#### [Task instructions]
Below are some records. Print all of them exactly as they appear.

Excerpted data Start Marker

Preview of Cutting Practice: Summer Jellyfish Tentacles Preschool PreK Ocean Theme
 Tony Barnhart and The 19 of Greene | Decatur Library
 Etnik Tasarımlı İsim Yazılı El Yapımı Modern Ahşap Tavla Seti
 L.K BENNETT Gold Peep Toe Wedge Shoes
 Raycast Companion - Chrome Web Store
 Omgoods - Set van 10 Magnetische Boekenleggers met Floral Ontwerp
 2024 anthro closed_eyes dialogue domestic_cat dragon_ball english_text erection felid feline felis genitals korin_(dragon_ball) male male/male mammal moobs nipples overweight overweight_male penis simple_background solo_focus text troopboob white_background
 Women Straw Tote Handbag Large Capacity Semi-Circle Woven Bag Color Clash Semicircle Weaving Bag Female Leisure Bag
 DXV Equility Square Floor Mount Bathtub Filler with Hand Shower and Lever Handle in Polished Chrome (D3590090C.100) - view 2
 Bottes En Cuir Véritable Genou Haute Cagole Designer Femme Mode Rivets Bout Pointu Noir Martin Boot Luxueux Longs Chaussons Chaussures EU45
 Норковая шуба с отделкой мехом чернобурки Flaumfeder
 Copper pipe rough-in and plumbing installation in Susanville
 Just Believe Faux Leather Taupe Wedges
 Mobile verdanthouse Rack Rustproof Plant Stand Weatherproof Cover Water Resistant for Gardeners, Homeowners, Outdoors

Excerpted data End Marker

#### [Written reply]
Preview of Cutting Practice: Summer Jellyfish Tentacles Preschool PreK Ocean Theme
 Tony Barnhart and The 19 of Greene | Decatur Library
 Etnik Tasarımlı İsim Yazılı El Yapımı Modern Ahşap Tavla Seti
 L.K BENNETT Gold Peep Toe Wedge Shoes
 Raycast Companion - Chrome Web Store
 Omgoods - Set van 10 Magnetische Boekenleggers met Floral Ontwerp
 2024 anthro closed_eyes dialogue domestic_cat dragon_ball english_text erection felid feline felis genitals korin_(dragon_ball) male male/male mammal moobs nipples overweight overweight_male penis simple_background solo_focus text troopboob white_background
 Women Straw Tote Handbag Large Capacity Semi-Circle Woven Bag Color Clash Semicircle Weaving Bag Female Leisure Bag
 DXV Equility Square Floor Mount Bathtub Filler with Hand Shower and Lever Handle in Polished Chrome (D3590090C.100) - view 2
 Bottes En Cuir Véritable Genou Haute Cagole Designer Femme Mode Rivets Bout Pointu Noir Martin Boot Luxueux Longs Chaussons Chaussures EU45
 Норковая шуба с отделкой мехом чернобурки Flaumfeder
 Copper pipe rough-in and plumbing installation in Susanville
 Just Believe Faux Leather Taupe Wedges
 Mobile verdanthouse Rack Rustproof Plant Stand Weatherproof Cover Water Resistant for Gardeners, Homeowners, Outdoors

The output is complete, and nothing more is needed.